Start of DATA EXTRACT
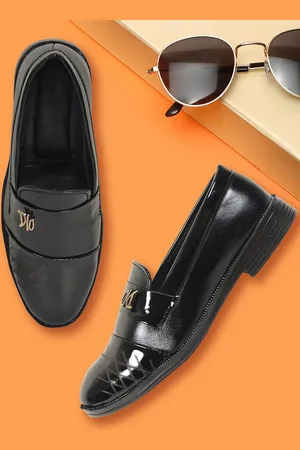 BAESD Boys Textured Round Toe Comfort Insole Loafers
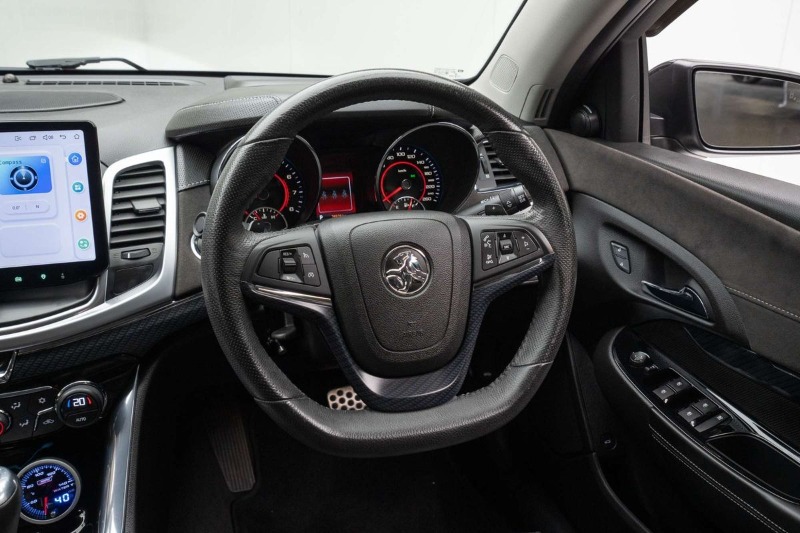 
								Holden Commodore SS V VF Series II full									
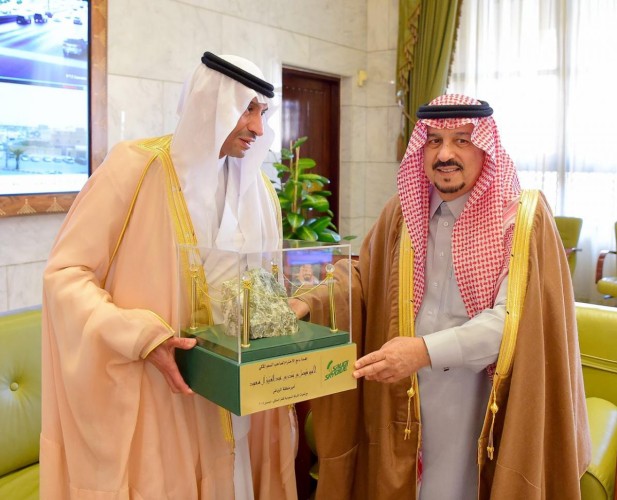 أمير الرياض يستقبل الرئيس التنفيذي للشركة السعودية للقفز المظلي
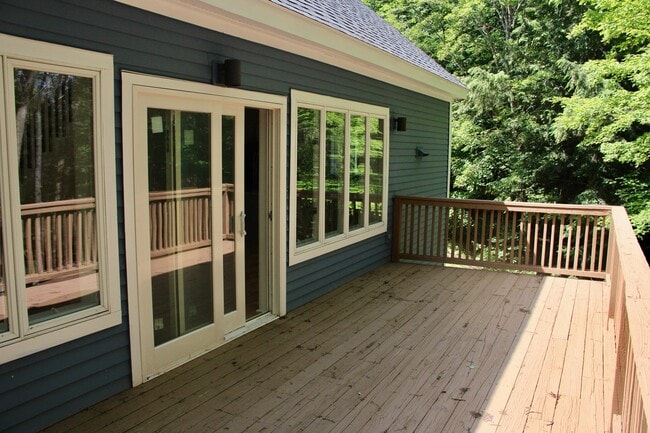 Building Photo - 202 N Ridge Run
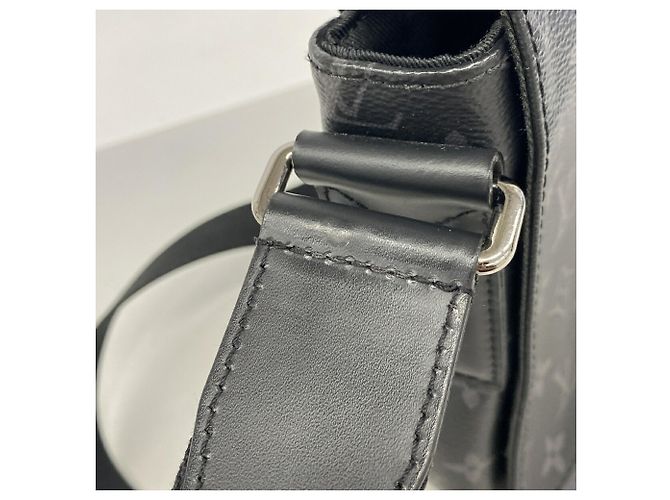 Borsa a tracolla Louis Vuitton Monogram Eclipse District PMNM - vista 9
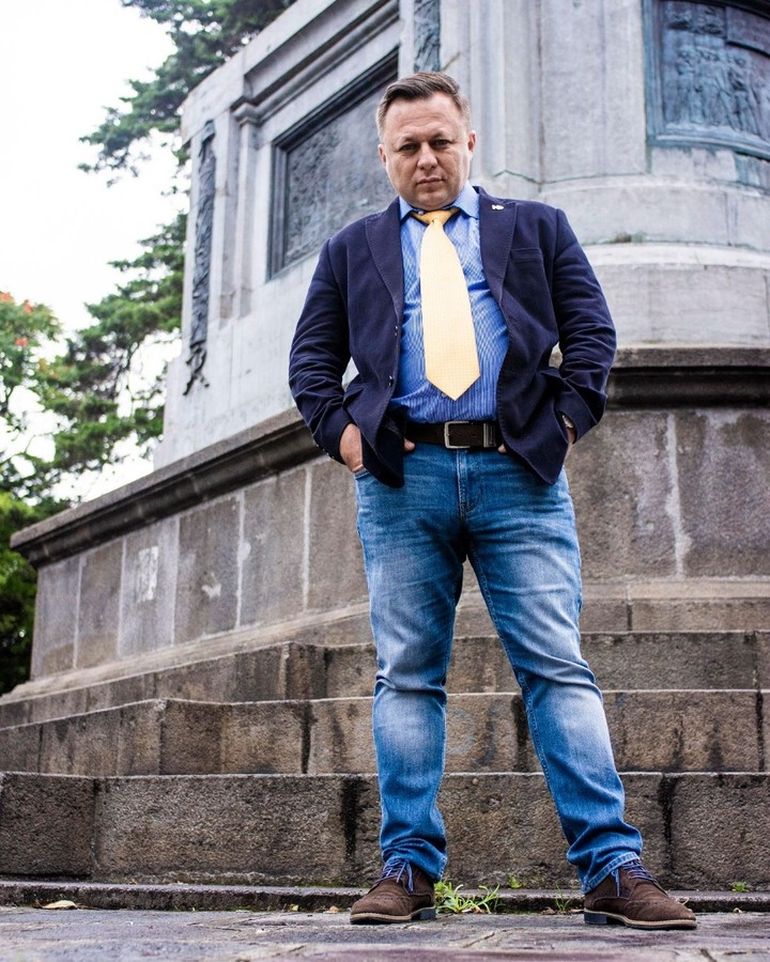 Dragoș Dolănescu student, Dragoș Dolănescu politician, Dragoș Dolănescu dezvaluiri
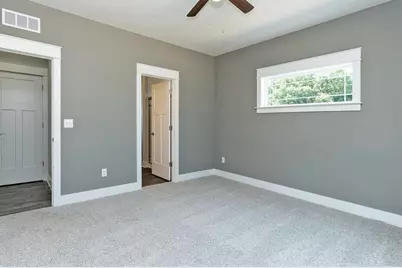 9 Aviara Oaks Parkway, Jackson, MI 49201 - Photo 14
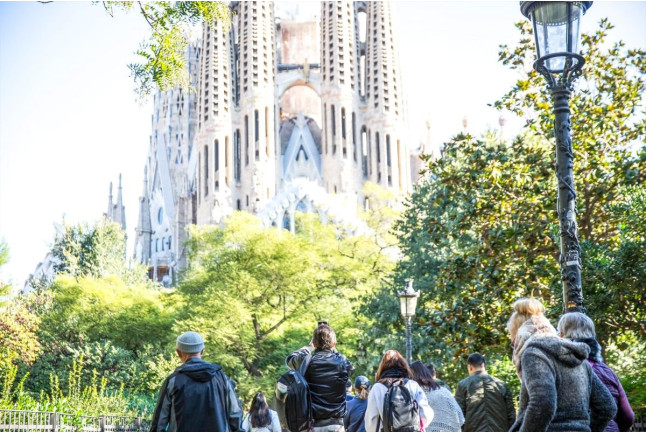 Visita con Acceso Rápido a la Sagrada Familia (Barcelona)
End of DATA EXTRACT
GOAL OF THE EXERCISE
Only the lines from the one containing "9 Aviara Oaks" through the final line of the records should be transcribed, exactly and with no pictures.

EXERCISE ANSWER
 9 Aviara Oaks Parkway, Jackson, MI 49201 - Photo 14
 Visita con Acceso Rápido a la Sagrada Familia (Barcelona)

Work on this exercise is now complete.